(Beginning of SOURCE DATA)

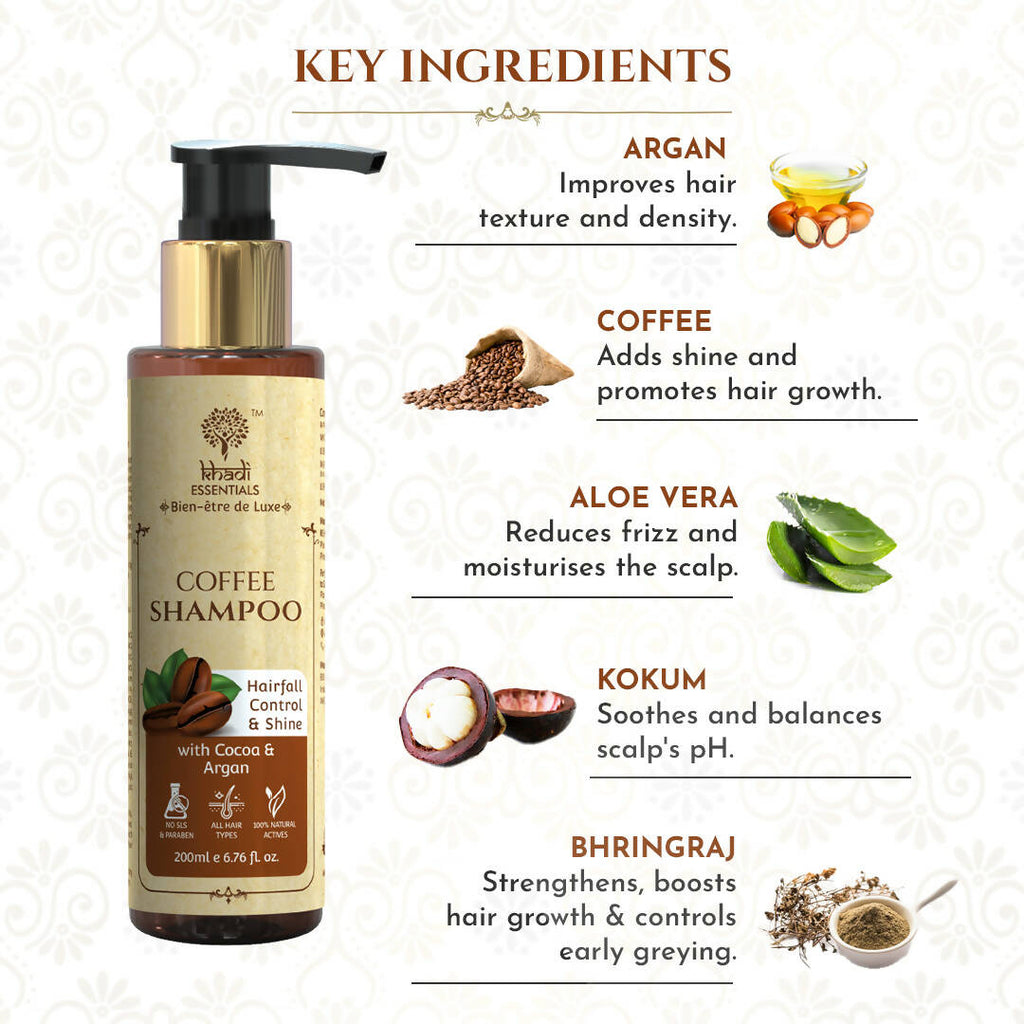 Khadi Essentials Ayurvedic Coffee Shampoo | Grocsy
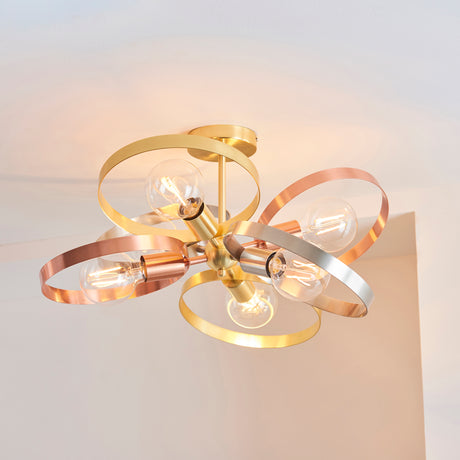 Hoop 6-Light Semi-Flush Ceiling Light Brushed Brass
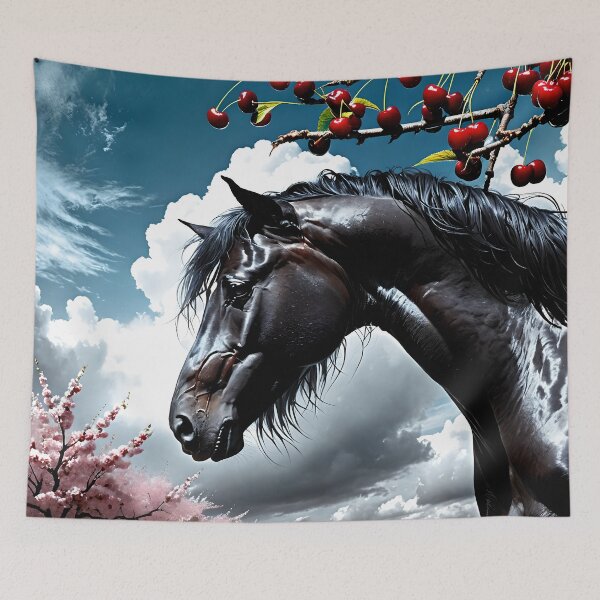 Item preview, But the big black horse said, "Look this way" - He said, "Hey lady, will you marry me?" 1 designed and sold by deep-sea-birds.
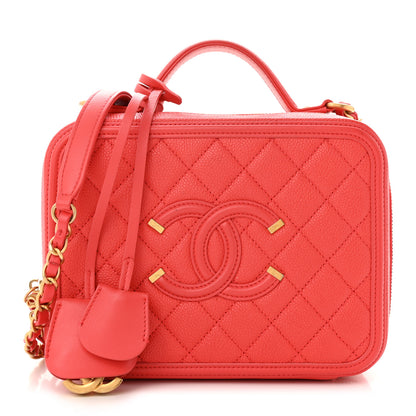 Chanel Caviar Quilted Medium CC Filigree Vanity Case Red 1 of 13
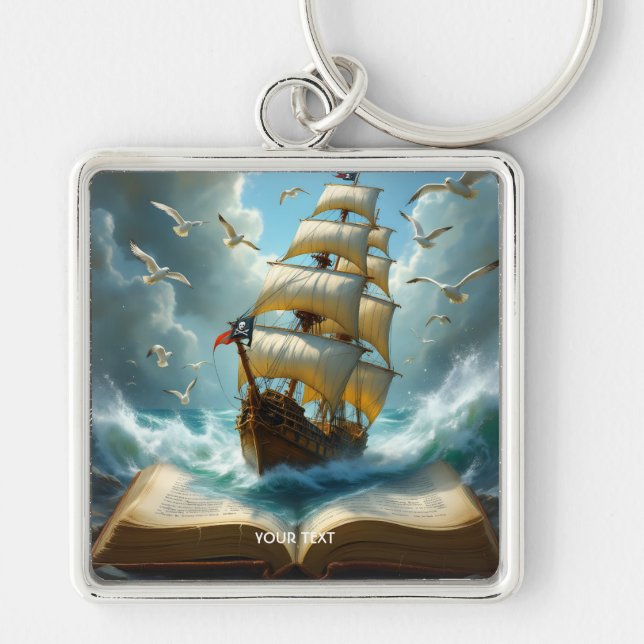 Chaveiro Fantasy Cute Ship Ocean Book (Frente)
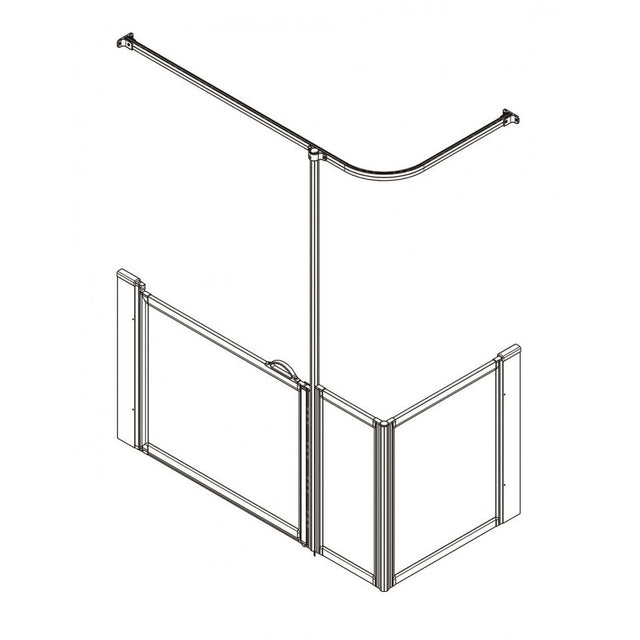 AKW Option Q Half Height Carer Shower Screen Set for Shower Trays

(End of SOURCE DATA)

TASK OBJECTIVE:
Repeat, exactly and in full, every entry in the data, but not the pictures.

ANSWER SECTION:
 Khadi Essentials Ayurvedic Coffee Shampoo | Grocsy
 Hoop 6-Light Semi-Flush Ceiling Light Brushed Brass
 Item preview, But the big black horse said, "Look this way" - He said, "Hey lady, will you marry me?" 1 designed and sold by deep-sea-birds.
 Chanel Caviar Quilted Medium CC Filigree Vanity Case Red 1 of 13
 Chaveiro Fantasy Cute Ship Ocean Book (Frente)
 AKW Option Q Half Height Carer Shower Screen Set for Shower Trays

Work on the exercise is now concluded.